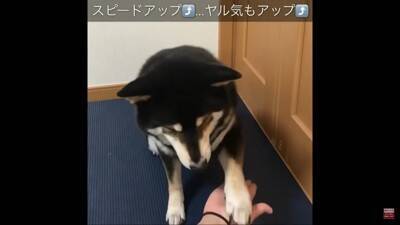 反抗期の犬に『お手』『おかわり』させた結果…怒りながら見せた行動に39万再生の反響「感情がわからん」「素直で良い子」の声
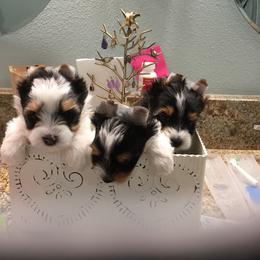 Biewer Terrier Puppies from Janeve's  Biewers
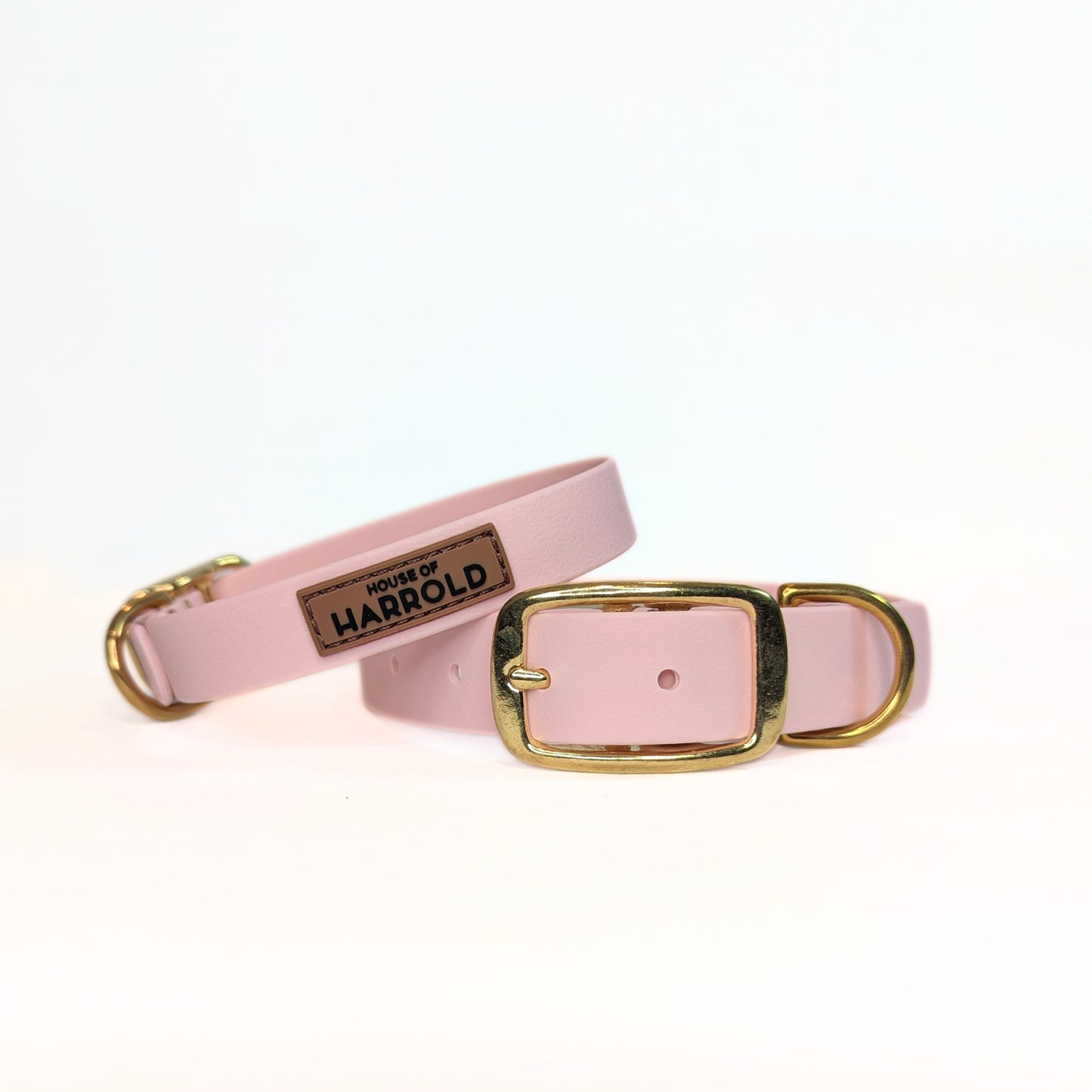 Pink waterproof dog collar with gold buckle on a white background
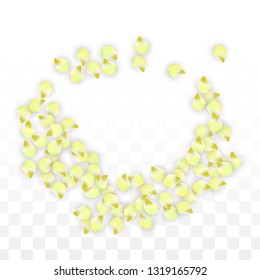 Vector Realistic Pink Petals Falling on Transparent Background.  Spring Romantic Flowers Illustration. Flying Petals. Sakura Spa Design.  Blossom Confetti. Design Elements for  St. Valentine Day.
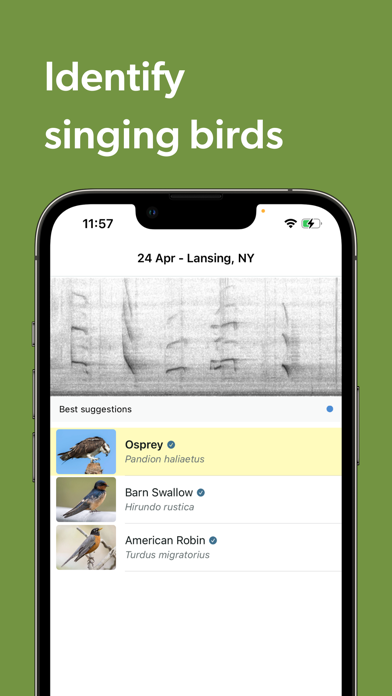 Merlin Bird ID by Cornell Lab screenshot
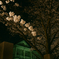 夜桜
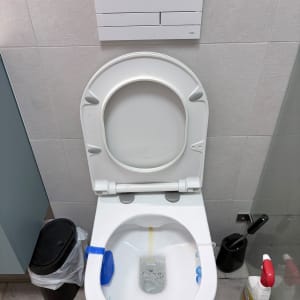 אסלה עם חומרי ניקוי בחדר אמבטיה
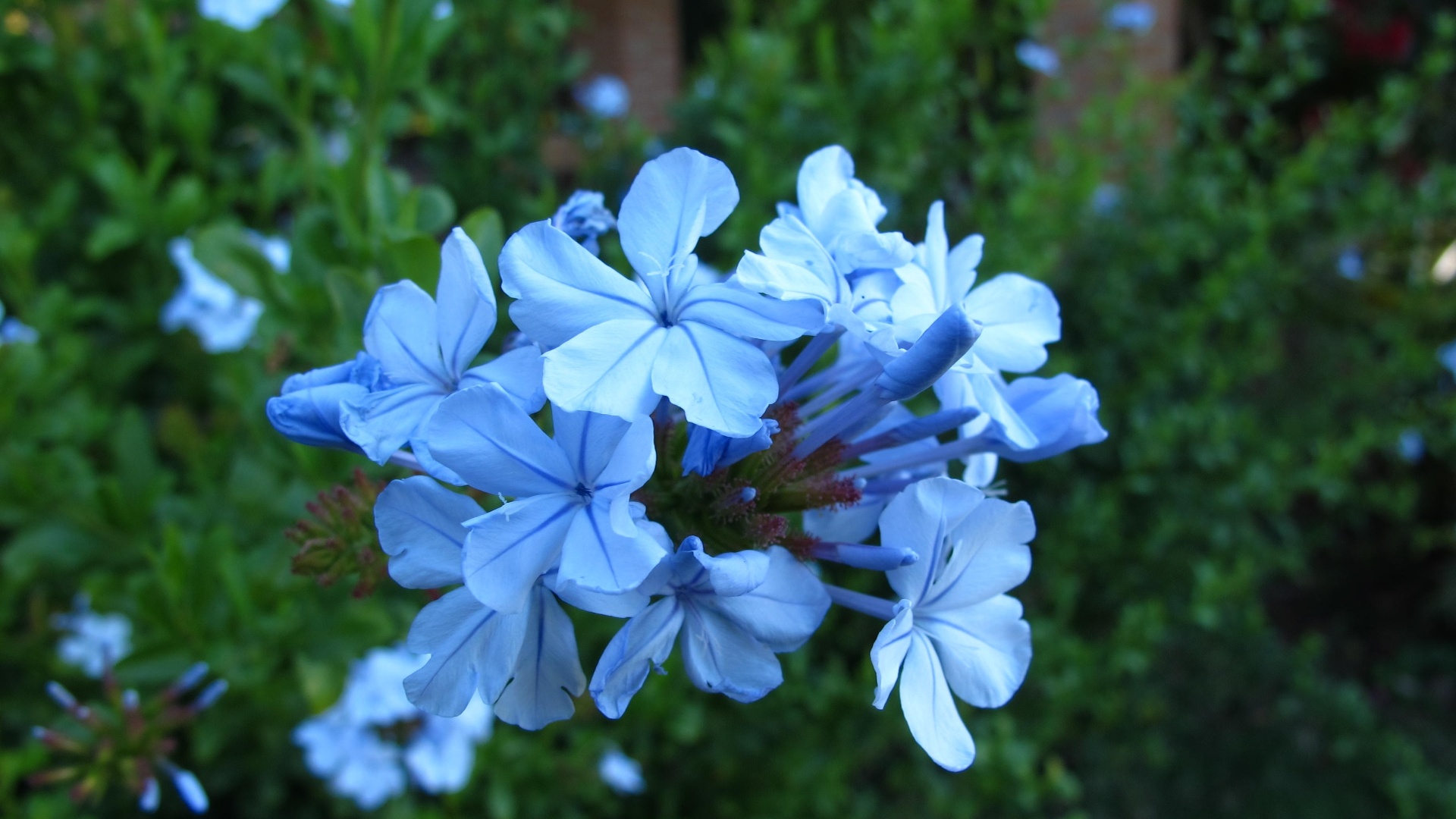 Plumbago auriculata (bela emília): planta muito versátil e rústica, largamente utilizada no paisagismo. Arbustiva e muito ramificada, é perfeita para cercas-vivas e pode ser usada como trepadeira. Suas flores são delicadas em forma de pequenos buquês - Rodolfo Geiser/ Divulgação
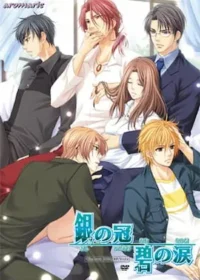 乙女成人向遊戲《銀の冠碧の涙》封面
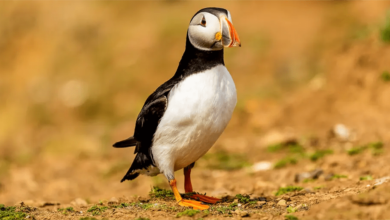 This Year's Puffin Scary Story – Will It Work?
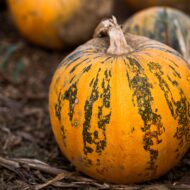 Pumpkin Penelopa 3 scaled 1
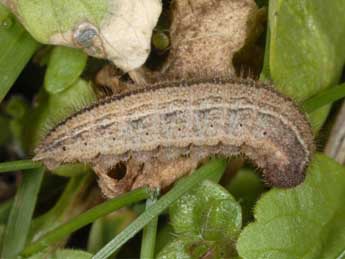  Chenille de Erebia euryale Esp. - �Wolfgang Wagner, www.pyrgus.de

_Exercise_
Transcribe only the lines from the one holding "אסלה עם חומרי ניקוי בחדר אמבטיה" through the last line of the listing above, inclusive, and do not include the pictures.

_Answer to this problem_
 אסלה עם חומרי ניקוי בחדר אמבטיה
 Plumbago auriculata (bela emília): planta muito versátil e rústica, largamente utilizada no paisagismo. Arbustiva e muito ramificada, é perfeita para cercas-vivas e pode ser usada como trepadeira. Suas flores são delicadas em forma de pequenos buquês - Rodolfo Geiser/ Divulgação
 乙女成人向遊戲《銀の冠碧の涙》封面
 This Year's Puffin Scary Story – Will It Work?
 Pumpkin Penelopa 3 scaled 1
  Chenille de Erebia euryale Esp. - �Wolfgang Wagner, www.pyrgus.de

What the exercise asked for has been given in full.